(Captioned web image data)

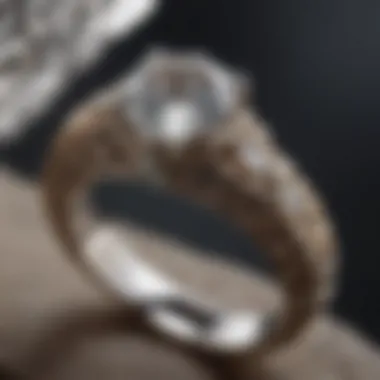 A close-up of an engagement ring with intricate design details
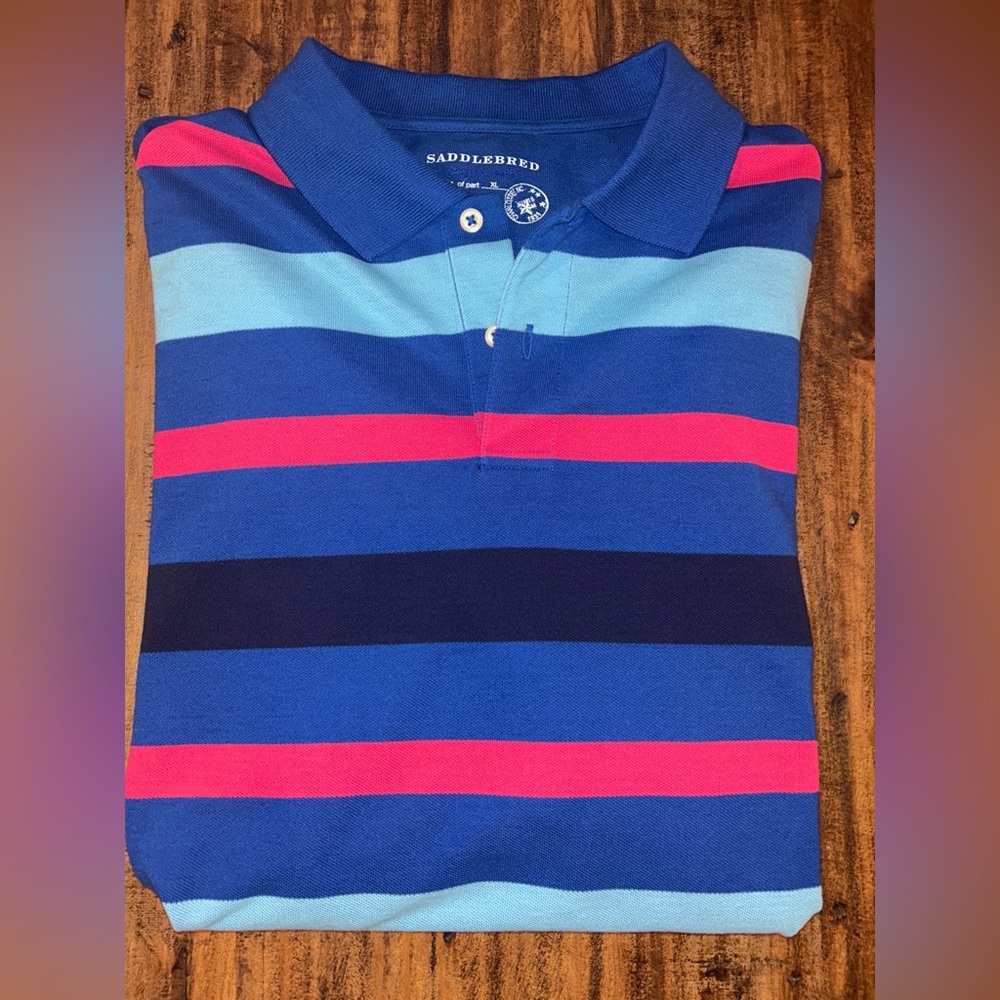 Saddlebred Men’s XL Striped Polo Shirt Blue with Red and Light Blue Stripes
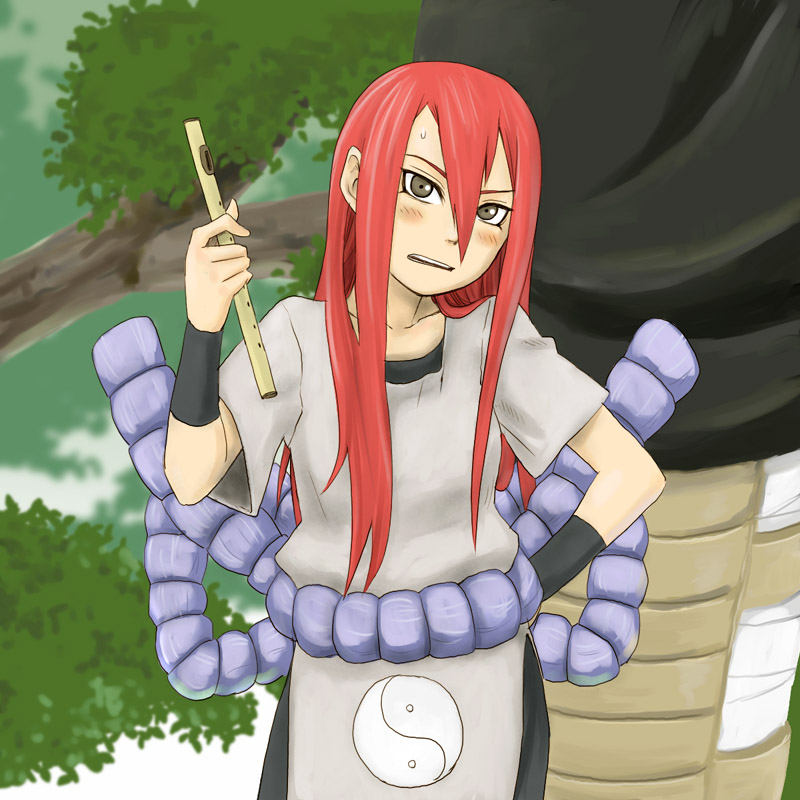 naotan, tayuya (naruto), naruto (classic), naruto (series), 1girl, blush, female focus, flute, grey eyes, instrument, long hair, red hair, solo, sweatdrop, yin yang
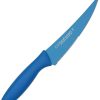 Kai USA 5.63" Multi-Utility Knife Blue Handle Partially Serrated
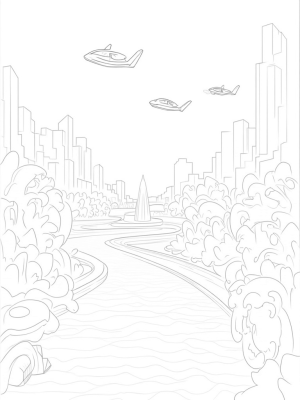 Futuristic Cityscape with Lamborghini Silhouettes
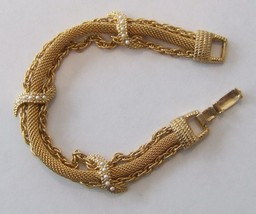 GOLDETTE Chain and Rope Mesh BRACELET with faux Seed PEARLS - 6 3/4 inches - $50.00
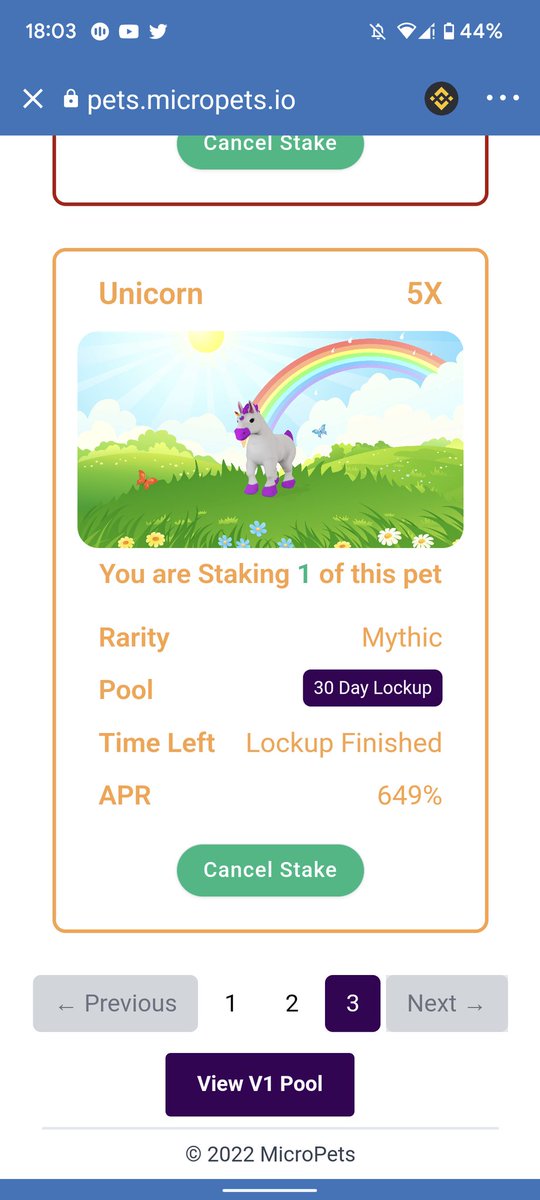 NO WAY DID I JUST MINT A #unicorn, #Mythic  #NFT  ?! Oh dayumm!! #LFG straight into the 30 day #Staking pool! 4 crate buys, 1opened, 2opened, boom Unicorn! 
Spreading luck to everyone viewing this tweet!! Go get it!! 
#bnb #BSCGems #petropolis $PETS #GameFi #P2E @MicroPetsBSC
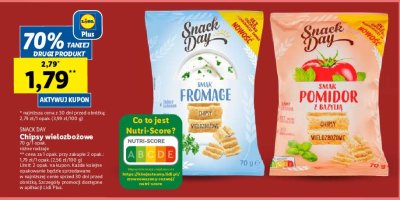 Chipsy wielozbożowe fromage Snack day promocja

_Task item_: Using the data above, transcribe exactly the lines between those containing "Futuristic Cityscape with" and "NO WAY DID I", inclusive, and leave every picture behind.

_Problem solution_:
 Futuristic Cityscape with Lamborghini Silhouettes
 GOLDETTE Chain and Rope Mesh BRACELET with faux Seed PEARLS - 6 3/4 inches - $50.00
 NO WAY DID I JUST MINT A #unicorn, #Mythic  #NFT  ?! Oh dayumm!! #LFG straight into the 30 day #Staking pool! 4 crate buys, 1opened, 2opened, boom Unicorn! 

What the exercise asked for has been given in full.